(solo-authored)
3rd round Revise & Resubmit - Journal of Accounting Research
Investors’ information about different aspects of financial reporting - firms' fundamentals and managers’ incentives to misreport these fundamentals - unambiguously affects earnings quality (Fischer and Stocker, 2004), making proper measurement of these types of information important for researchers and policymakers. Potential managerial incentives and investors' multiple information sources are not easily observable to researchers. I develop a structural approach that uses earnings reports, firms' prices, and analyst forecasts to measure how much information about firms' fundamentals and their managers' misreporting incentives investors know. I estimate the amount of information an average U.S. investor has, earnings informativeness, and the magnitude of the trade-off between earnings quality and price efficiency. I also apply the technique to complement prior reduced-form studies. In particular, I study the extent to which expanded compensation disclosures increased investors' information about managers' incentives and the extent to which early reporting firms' earnings reports spill over and subsume the information conveyed by late reporting firms.

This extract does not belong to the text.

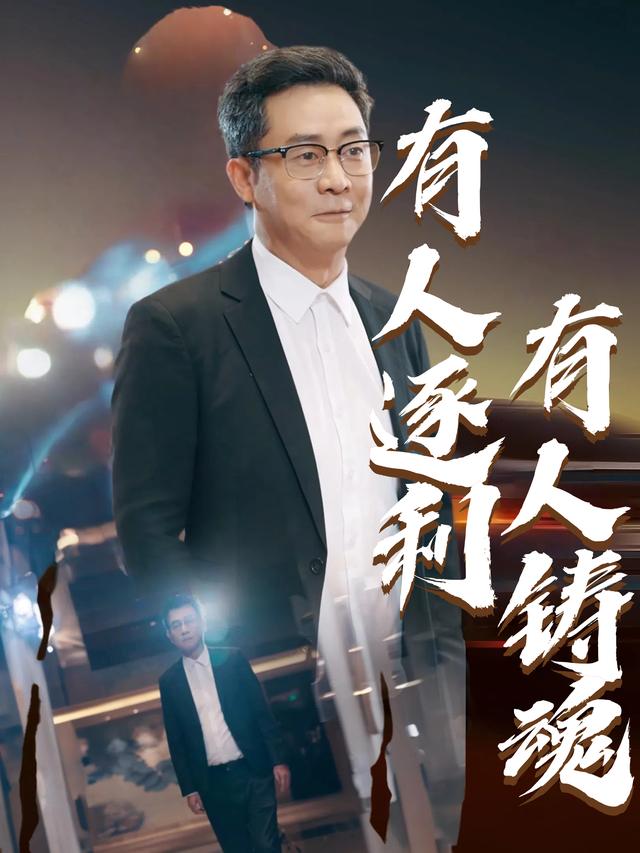 有人逐利有人铸魂封面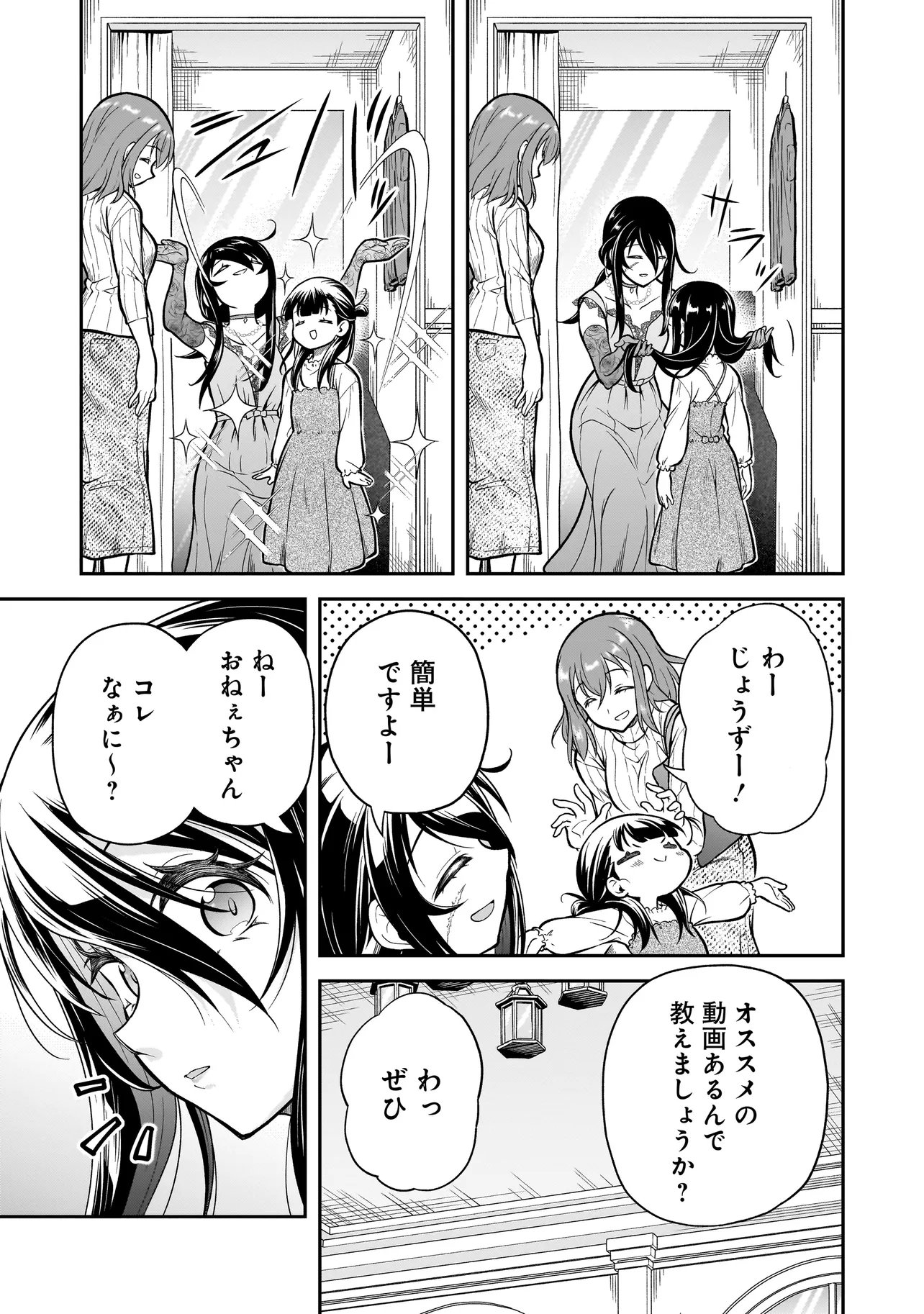 Joshikousei ga, Koroshiya to Chapter 5.2 11ページ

(with Henry L. Friedman and Mirko S. Heinle)
Revise & Resubmit - The Accounting Review
Firms and jurisdictions are increasingly adopting ESG reporting, affecting empirical research on its consequences. We develop a model to understand the nuanced effects of ESG reporting introduction. In our model, a firm provides ESG and financial reports, which investors use to price the firm's stock, influencing management's real and reporting incentives. We characterize how ESG reporting affects ESG performance, expected cash flows, and financial misreporting. We provide conditions under which the introduction of ESG reporting discourages corporate ESG, and under which it encourages corporate ESG but lowers equity price at the same time. Comparative statics show how investor preferences (e.g., concern for ESG) and ESG efforts' cash flow implications (e.g., penalties, subsidies, physical or transition risk) affect market responses to reports, misreporting, and outcomes, suggesting effect heterogeneity in empirical tests.
(solo-authored)
Job market paper
Financial covenants, which use financial information to determine control rights in corporate loan contracts, are frequently amended (Roberts, 2015). Despite the strong evidence, prior literature has not found an explanation for the high frequency. In this paper, I offer a model of debt covenant amendments and structurally estimate it using data on amendments of financial covenants in U.S. companies' loan contracts. The model offers three conditions under which financial covenants get amended: (1) the degree of contractual incompleteness is high, (2) non-contractible post-contract information is highly predictive of the future, and (3) the costs of amendments are small, while the costs of misallocating control rights are high. The estimation results suggest the first and the third forces play a major role, while the role of the second force is limited. I calculate that the amendment option ex ante saves about 2.32% of control misallocation cost.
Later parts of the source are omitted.